Number three, I think we should allow - just like we do in Alaska - divide up the oil revenue and gas revenues for all the people, one-third for the central government, one-third for the territories and one-third for every man, woman and child.

SIEGEL: If, in fact, you would give the Iraqis - you would want them to have a referendum on the U.S. staying. By proposing that, does that mean that you don't agree with the proposition that the president often repeats that Iraq is the central front in a global war on terror? You're saying if they were to have an election saying go home, we'd go home. You can't believe it's the central front in the war on terror in that case.

Mr. THOMPSON: I think that it is a front. I don't - several fronts. You've got a front in the Middle East, you've got a front within Iran, you've got a front in North Korea, you've got a front in Afghanistan and in the mountain states of Pakistan.

I mean, there's no one, central front, and we've got to be strong against all of them.

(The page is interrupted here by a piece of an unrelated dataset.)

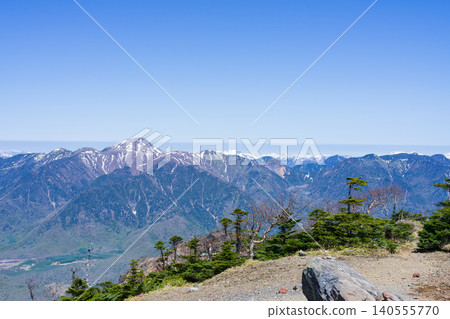 從栃木縣日光市男體山頂眺望日光白根山和澀佛山。 從栃木縣日光市男體山頂眺望日光白根山和澀佛山。 140555770
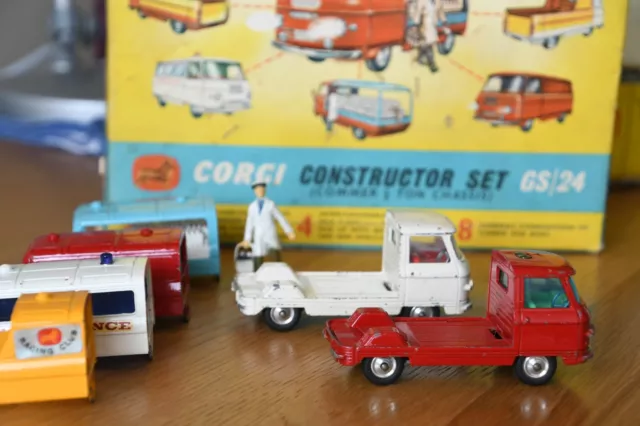 Châssis Corgi Toys No GS-24 Commer 3/4 tonnes. Bon état. Boîte originale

And I don't think that by not allowing the Iraqi government to have a vote - you know, isn't it somewhat surprising to you and your listeners that nobody in the federal government has ever asked the Iraqi government to vote as to whether or not they want America in it? And if you did that, you would immediately, if they voted yes, which I think - I would bet on it that they would - it automatically gives the legitimacy to America for being there, and that's something that we lack right now.

SIEGEL: What do you say to a caucus-goer in Iowa or a potential primary voter elsewhere who'd say well, yes? Iraq is going to be the most important issue. Your background is domestic. It's as a governor, and it was as a Cabinet secretary for Health and Human Services.

Mr. THOMPSON: I just laid out probably the most visionary plan for Iraq of any candidate. I haven't yet found any candidate on either side of the aisle that has come up with a better plan than I have. So secondly, I am very strong, as you know, on domestic issues.

I believe that I have the strongest plan also to make health care in America more affordable and more accessible. We do not need to spend more money. We can have the plan in which we will cover every man, woman and child in America, and we can do it within the current system and allow innovation.

SIEGEL: So you would create insurance that would be available or would be mandatory for people to carry. How would you describe it?

Mr. THOMPSON: It would be left up to the states as to whether or not it's mandatory or available, but I would make it available to every man, woman and child in America. It would be a group policy. You would have a single policy, you'd have a family policy.

SIEGEL: You've said that Republicans in Washington lost their way. You were a member of the first Bush administration, his cabinet…

Mr. THOMPSON: That is correct.

SIEGEL: …as secretary of Health and Human Services. Did the Bush administration squander what the Republicans had in Washington in terms of ideas and in terms of the confidence of the American voters?

Mr. THOMPSON: I think the Bush administration did a very good job at the beginning. And I think this second term has not been as successful as the first term, but I don't think it's all Bush's fault. I think the Congress lost its way by not articulating ideas.

They tried to do the same thing as Democrats. They tried to outspend the Democrats, and as a result of that, we lost the election. We lost our way. We've got to come up with ideas on health care, on energy, on Iraq. We've got to be able to be the party of ideas, because that's where the Republican Party is the strongest.

SIEGEL: Former Governor of Wisconsin and Secretary of Health and Human Services Tommy Thompson, who is thinking about running for the Republican presidential nomination.